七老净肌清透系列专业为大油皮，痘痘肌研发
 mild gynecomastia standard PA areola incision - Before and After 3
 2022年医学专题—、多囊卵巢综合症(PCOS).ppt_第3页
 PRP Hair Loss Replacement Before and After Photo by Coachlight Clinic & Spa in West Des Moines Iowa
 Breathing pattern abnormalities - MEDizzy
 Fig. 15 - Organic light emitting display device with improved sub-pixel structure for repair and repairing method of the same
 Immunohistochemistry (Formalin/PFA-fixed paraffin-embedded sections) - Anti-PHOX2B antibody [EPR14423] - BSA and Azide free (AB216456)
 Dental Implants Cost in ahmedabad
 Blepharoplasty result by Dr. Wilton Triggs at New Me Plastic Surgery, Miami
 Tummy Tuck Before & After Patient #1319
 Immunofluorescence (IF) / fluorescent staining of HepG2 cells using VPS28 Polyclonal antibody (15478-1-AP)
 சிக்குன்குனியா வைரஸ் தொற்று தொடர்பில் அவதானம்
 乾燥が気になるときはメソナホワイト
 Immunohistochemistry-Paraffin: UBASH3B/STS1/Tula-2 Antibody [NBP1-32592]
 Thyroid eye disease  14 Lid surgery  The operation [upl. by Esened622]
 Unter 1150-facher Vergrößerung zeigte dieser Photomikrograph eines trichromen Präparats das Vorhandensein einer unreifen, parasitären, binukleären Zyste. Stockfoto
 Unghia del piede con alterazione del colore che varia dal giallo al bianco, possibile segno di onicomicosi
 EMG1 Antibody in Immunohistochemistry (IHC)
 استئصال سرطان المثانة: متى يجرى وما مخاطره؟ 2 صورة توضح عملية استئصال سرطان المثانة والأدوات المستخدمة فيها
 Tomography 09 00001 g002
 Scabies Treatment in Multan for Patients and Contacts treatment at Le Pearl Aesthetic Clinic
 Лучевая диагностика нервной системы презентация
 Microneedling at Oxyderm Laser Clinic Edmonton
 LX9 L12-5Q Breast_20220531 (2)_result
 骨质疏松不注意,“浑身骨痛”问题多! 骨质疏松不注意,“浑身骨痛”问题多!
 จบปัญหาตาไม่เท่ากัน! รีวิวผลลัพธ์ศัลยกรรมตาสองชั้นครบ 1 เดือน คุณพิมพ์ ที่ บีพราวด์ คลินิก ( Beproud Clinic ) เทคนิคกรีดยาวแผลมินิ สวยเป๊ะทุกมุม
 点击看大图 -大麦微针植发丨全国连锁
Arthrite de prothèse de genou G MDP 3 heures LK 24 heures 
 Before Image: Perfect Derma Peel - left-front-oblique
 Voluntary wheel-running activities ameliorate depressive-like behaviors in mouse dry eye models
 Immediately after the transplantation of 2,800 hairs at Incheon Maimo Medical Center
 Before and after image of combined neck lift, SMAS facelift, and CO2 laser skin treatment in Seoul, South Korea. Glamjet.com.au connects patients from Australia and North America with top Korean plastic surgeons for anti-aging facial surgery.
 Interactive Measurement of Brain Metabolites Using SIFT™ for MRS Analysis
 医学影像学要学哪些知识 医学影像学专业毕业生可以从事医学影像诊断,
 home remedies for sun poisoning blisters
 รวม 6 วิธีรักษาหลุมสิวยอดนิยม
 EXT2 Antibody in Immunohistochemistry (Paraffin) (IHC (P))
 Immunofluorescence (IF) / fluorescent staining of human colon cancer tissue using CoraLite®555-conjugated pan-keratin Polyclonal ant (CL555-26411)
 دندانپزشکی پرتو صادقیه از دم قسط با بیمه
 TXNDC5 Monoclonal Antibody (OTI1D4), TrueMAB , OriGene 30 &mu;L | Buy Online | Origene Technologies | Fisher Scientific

---

• WHAT IS REQUIRED: Beginning with the line that holds "LX9 L12-5Q Breast_20220531 (2)_result", restate word for word every line down to the end of the data, and only those lines.

• OUTPUT FOR THIS TASK:
 LX9 L12-5Q Breast_20220531 (2)_result
 骨质疏松不注意,“浑身骨痛”问题多! 骨质疏松不注意,“浑身骨痛”问题多!
 จบปัญหาตาไม่เท่ากัน! รีวิวผลลัพธ์ศัลยกรรมตาสองชั้นครบ 1 เดือน คุณพิมพ์ ที่ บีพราวด์ คลินิก ( Beproud Clinic ) เทคนิคกรีดยาวแผลมินิ สวยเป๊ะทุกมุม
 点击看大图 -大麦微针植发丨全国连锁
Arthrite de prothèse de genou G MDP 3 heures LK 24 heures 
 Before Image: Perfect Derma Peel - left-front-oblique
 Voluntary wheel-running activities ameliorate depressive-like behaviors in mouse dry eye models
 Immediately after the transplantation of 2,800 hairs at Incheon Maimo Medical Center
 Before and after image of combined neck lift, SMAS facelift, and CO2 laser skin treatment in Seoul, South Korea. Glamjet.com.au connects patients from Australia and North America with top Korean plastic surgeons for anti-aging facial surgery.
 Interactive Measurement of Brain Metabolites Using SIFT™ for MRS Analysis
 医学影像学要学哪些知识 医学影像学专业毕业生可以从事医学影像诊断,
 home remedies for sun poisoning blisters
 รวม 6 วิธีรักษาหลุมสิวยอดนิยม
 EXT2 Antibody in Immunohistochemistry (Paraffin) (IHC (P))
 Immunofluorescence (IF) / fluorescent staining of human colon cancer tissue using CoraLite®555-conjugated pan-keratin Polyclonal ant (CL555-26411)
 دندانپزشکی پرتو صادقیه از دم قسط با بیمه
 TXNDC5 Monoclonal Antibody (OTI1D4), TrueMAB , OriGene 30 &mu;L | Buy Online | Origene Technologies | Fisher Scientific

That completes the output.